Seharusnya reward dan punishment dilakukan atas dasar kesepakatan antara dua pihak, dalam hal ini adalah orang tua dengan anak. Apabila salah satu tidak setuju, sama saja dengan tindakan pemaksaan.
Bersepakat Tentang Reward
Dari seminar Pak Toge kemarin, kami mengenal ternyata reward ada 3 macam :
Kalau membaca kembali artikel saya tentang “Dagang atau Suap?”, Prize bisa disebut dengan berdagang, dan Upah adalah tindakan suap.
Zahra sudah terbiasa dengan pola Prize yang saya berlakukan untuknya. Tapi kali ini saya mencoba untuk membuat kesepakatan besar dengannya. Belakangan ini dia minta dibelikan Baju Cinderella, biasanya saya akan memberikannya dengan cuma-cuma sebagai Gift, tapi kali ini saya membuat Baju Cinderella menjadi Prize yang akan dia dapatkan setelah dia mengumpulkan stiker “Hebat” dari Ibu Guru. Untuk mengumpulkan stiker “Hebat” tentu saja dia harus ke sekolah dan mengerjakan tugas dari Ibu Guru.
Mama : Oke, jadi sepakat ya Zahra kumpulin 10 stiker, nanti bisa beli Baju Cinderella
Zahra : Tapi Mama, Baju Cinderella kan dibelinya pake uang, kok pake stiker?
Mama : *mau ngakak tapi ditahan* “Iya uangnya ada di Mama, tapi Mama mau Zahra kumpulin dulu stiker nya, baru Mama belikan”
Zahra : “7 stiker aja deh Ma”
Mama : “Hmm.. oke, biasanya Zahra sehari dapet 2-3 stiker kan? Boleh, Mama setuju 7 stiker”
Zahra : “Eh tapi 6 stiker aja ya Ma...”
Mama : *dalam hati teriak eaaaaa* “Lho kok tambah dikit, nggak dong, 7 stiker aja ya, oke?”
Zahra : Oke!
Dan terjadilah kesepakatan pertama antara Ibu dan Anak. Ajaibnya, besoknya Zahra dengan sukarela dan sukacita ke sekolah, demi mendapatkan stiker. Alhamdulillah, nggak ada lagi drama-drama nangis ditinggal ke kantor atau disuruh sekolah. Saya juga menyampaikan kesepakatan ini kepada gurunya, dan Ibu Guru bersedia untuk membantu.
Tapi lalu kekhawatiran saya muncul, saya tau anak di bawah 7 tahun baru tau enak dan nggak enak, belum mikir perlu dan nggak perlu. Tapi bagaimana menanamkan pemahaman ke dia sedikit demi sedikit, bahwa dia ke sekolah itu supaya pintar, bukan demi Baju Cinderella. Lalu pertanyaan saya ini dijawab oleh Pak Toge via email, beliau bilang “Buat dia ingin sekolah supaya pintar dan nantinya bisa bekerja seperti Mama dulu”

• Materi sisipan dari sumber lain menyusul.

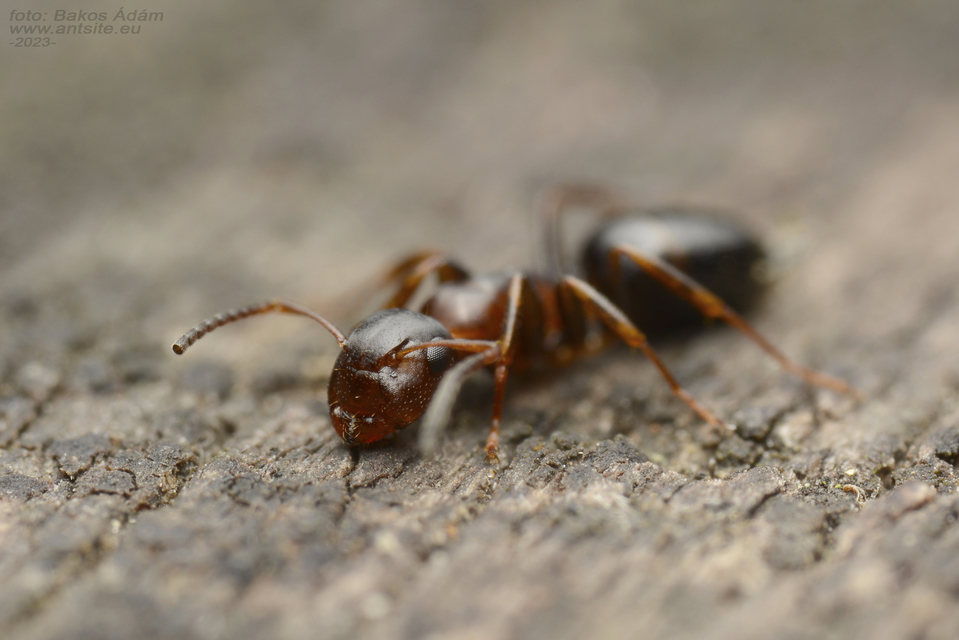 Colobopsis truncata - kapushangya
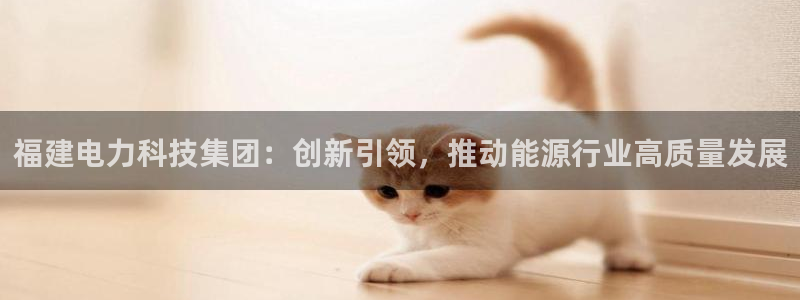 福建电力科技集团：创新引领，推动能源行业高质量发展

Lalu saya tanya lagi jadi boleh menanamkan pola dikasih Prize kepada anak? Pak Toge menjawab boleh, asal tujuannya untuk menanamkan kebiasaan berusaha.

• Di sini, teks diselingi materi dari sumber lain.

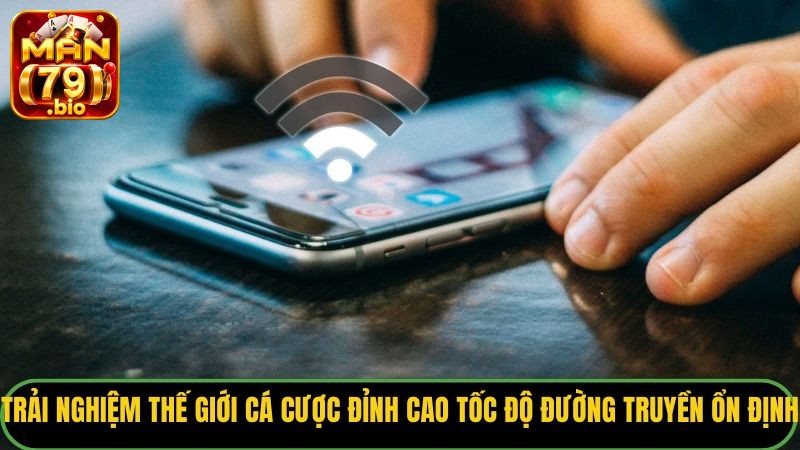 Trải nghiệm thế giới cá cược đỉnh cao với tốc độ đường truyền ổn định.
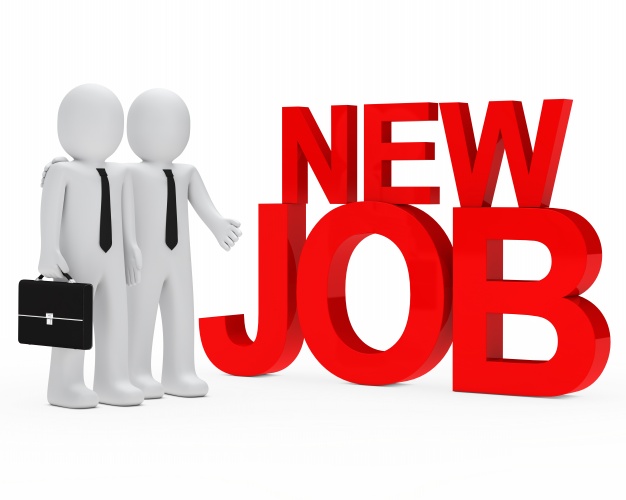 job spotlight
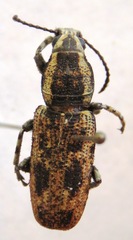 Ptychoderes bivittatus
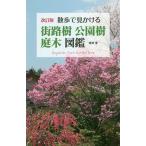  прогулка . видеть ... улица ..* парк .* садовое дерево иллюстрированная книга /. запад love 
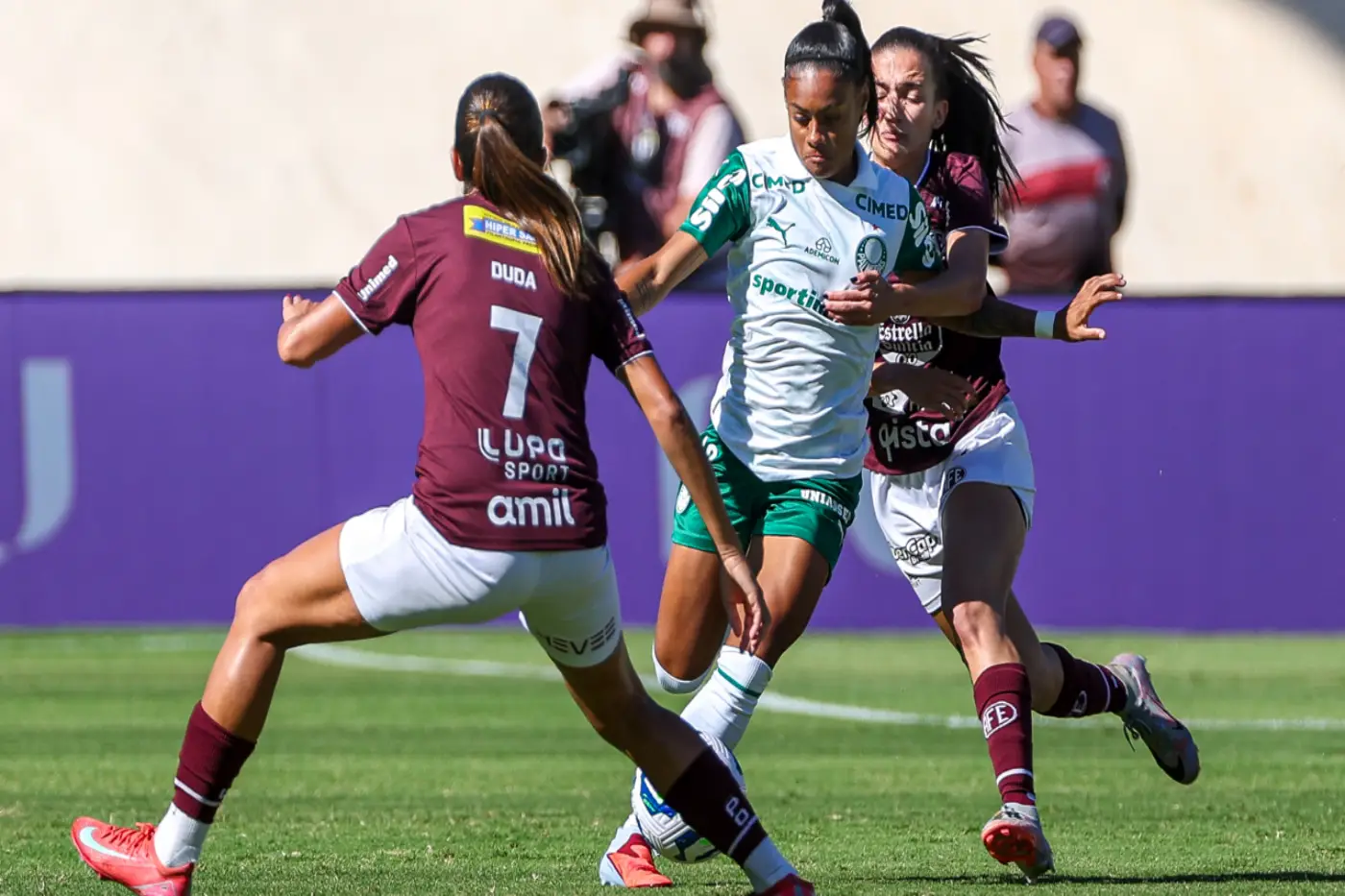 palmeiras ferroviária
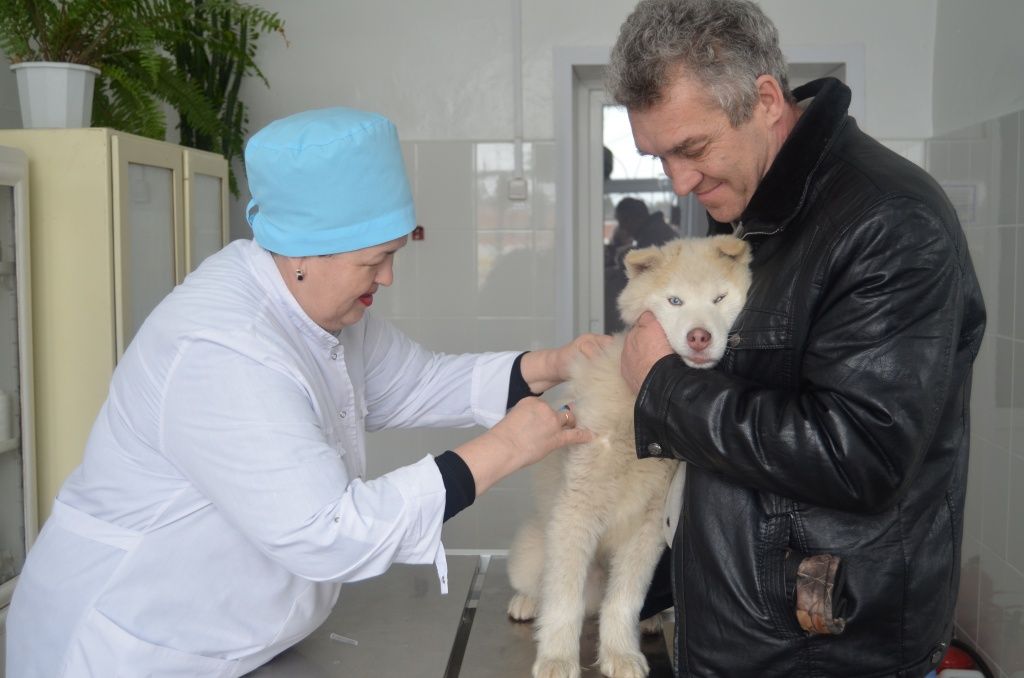 Настоящие мужчины уколов не боятся.JPG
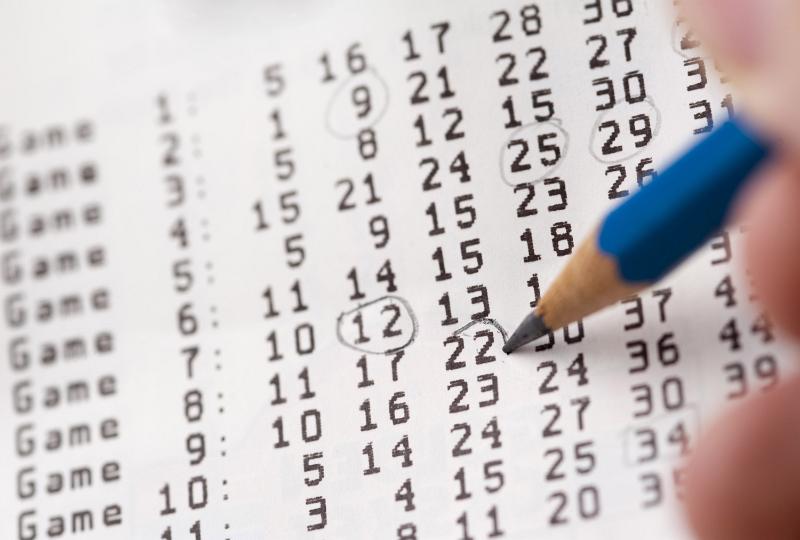 Free Stock Photo: Person ringing their selection of lottery numbers with a pencil on a draw card in a close up on the pencil nib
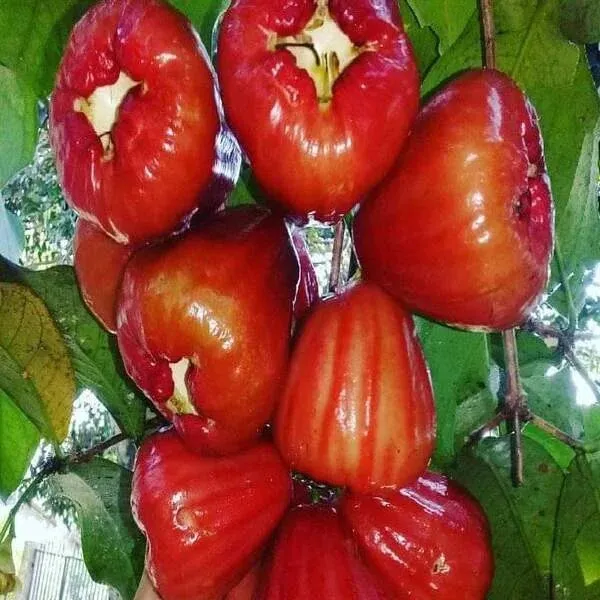 Dalhari_Red_Wax_Apple_Fruiting_Live_Plant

Bersepakat Tentang Punishment
Setelah mencoba untuk bersepakat perihal reward, lalu untuk kita juga coba lagi untuk membuat kesepakatan dengan punishment-nya. Atau lebih tepatnya mungkin namanya konsekuensi, bukan hukuman, karena di awal sudah kita sepakati dulu dengan anak.

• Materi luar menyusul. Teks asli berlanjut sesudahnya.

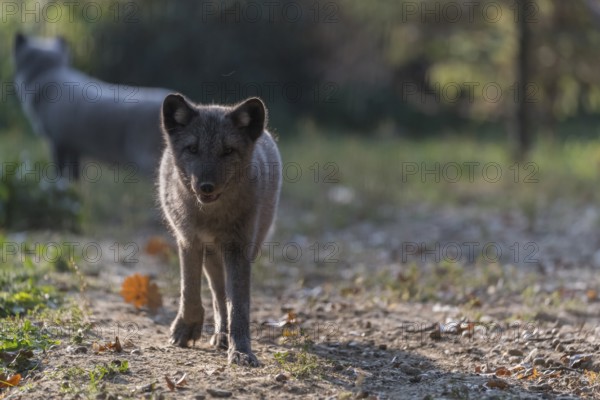 One young arctic fox (Vulpes lagopus), (white fox, polar fox, or snow fox) running towards the camera in backlit condition on a sunny day. Some other foxes in the background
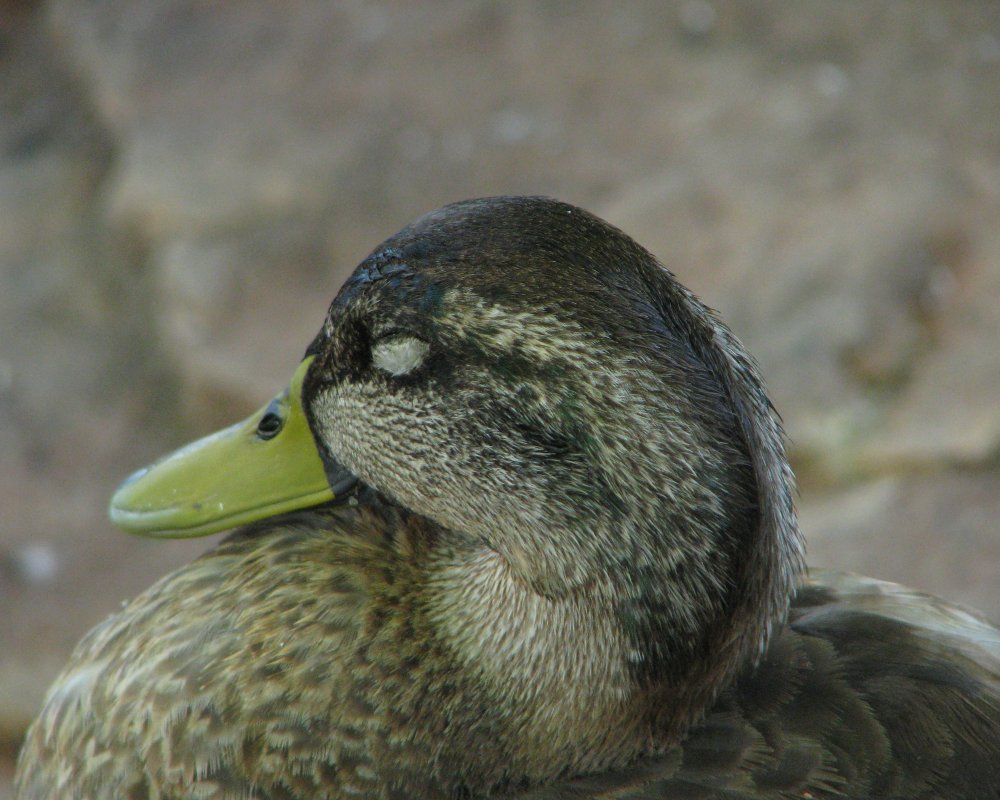 IMG_2596_Mallard_Crop.thumb.jpg.81a842936a1c727ee042bc55feda6d22.jpg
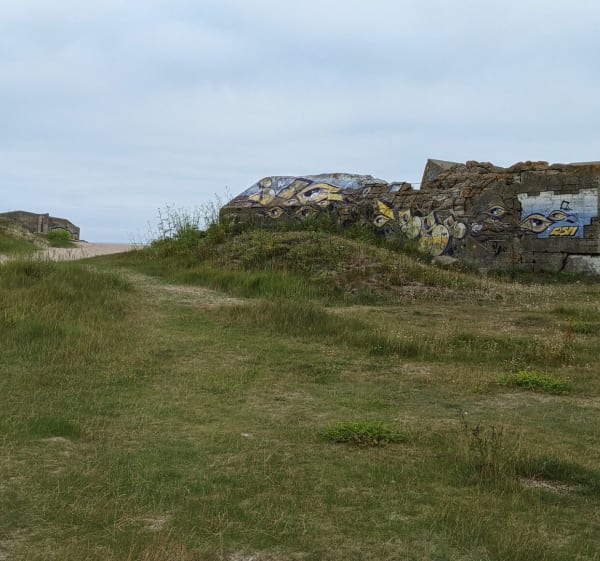 Balade à Néville sur mer - Vicq-sur-Mer - 1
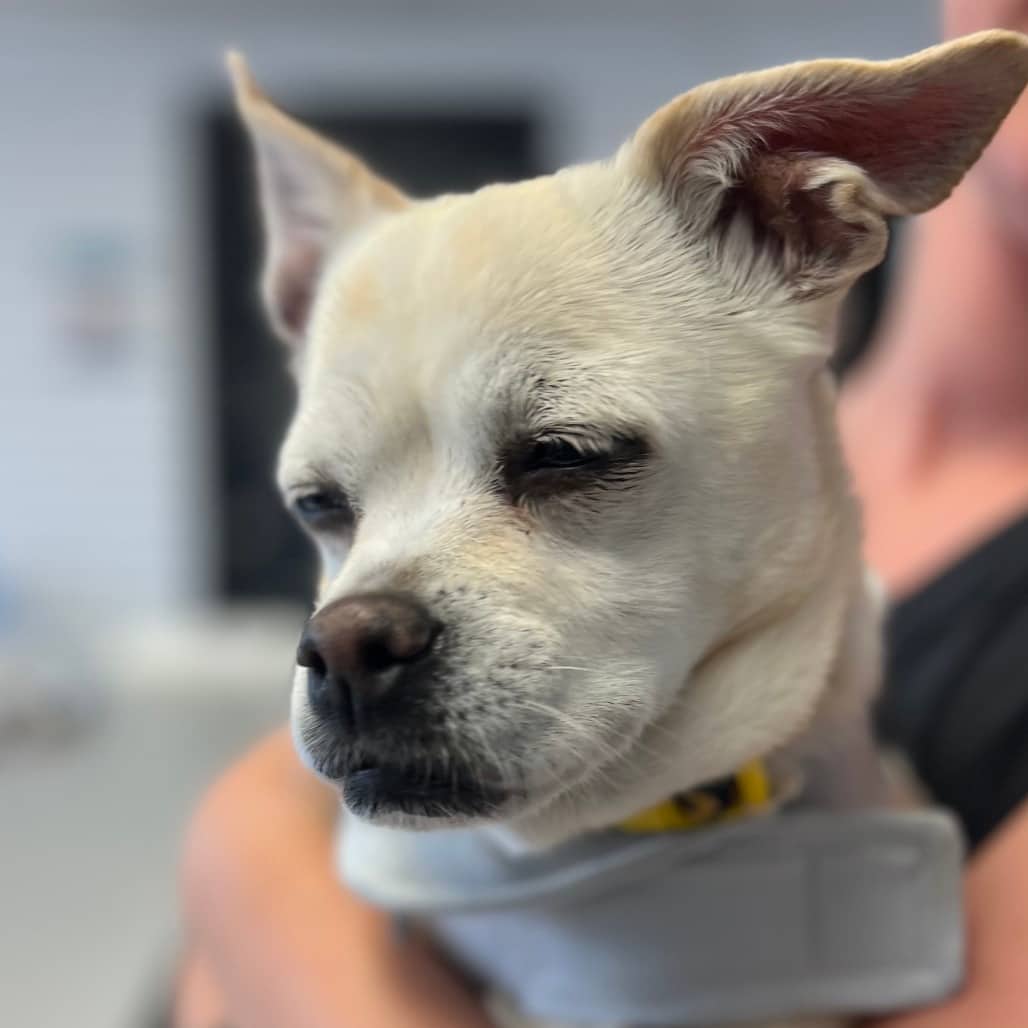 Bailey - Chihuahua available for adoption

Kemarin Zahra ngeluarin semua bajunya dari lemari. Saya bilang tapi nanti sebelum waktu tidur Zahra harus kembalikan semua baju ke lemari ya? Kalau tidak dikembalikan Zahra tidak minum susu malam ini. Dia mengangguk setuju dan kami sepakat. Lalu setelah selesai menghambur-hamburkan baju, dia kembalikan semua ke lemari, tentunya bagian melipat dibantu Mama :D Tapi setidaknya dia ikut membantu, itu saja udah cukup buat saya. Karena dia suka sekali minum susu, tentu saja dia membereskan semua bajunya dengan sukarela.
Kata Pak Toge, untuk melakukan kesepakatan kita harus punya ikatan emosi dengan anak. Kita harus tau apa yang menurut anak enak dan nggak enak. Sesuatu yang enak dijadikan sebagai reward, dan yang nggak enak dijadikan sebagai punishment/konsekuensi, tentunya kedua hal itu sudah disepakati bersama di awal.
Secara teori sepertinya mudah untuk dimengerti, tapi pada praktiknya pasti ada kendala. Seperti layaknya mahasiswa, orang tua juga perlu belajar dan ngambil SKS demi SKS untuk mencapai target yang inginkan. Kita berharap kita semua bisa dapet cumlaude ya, Mommies?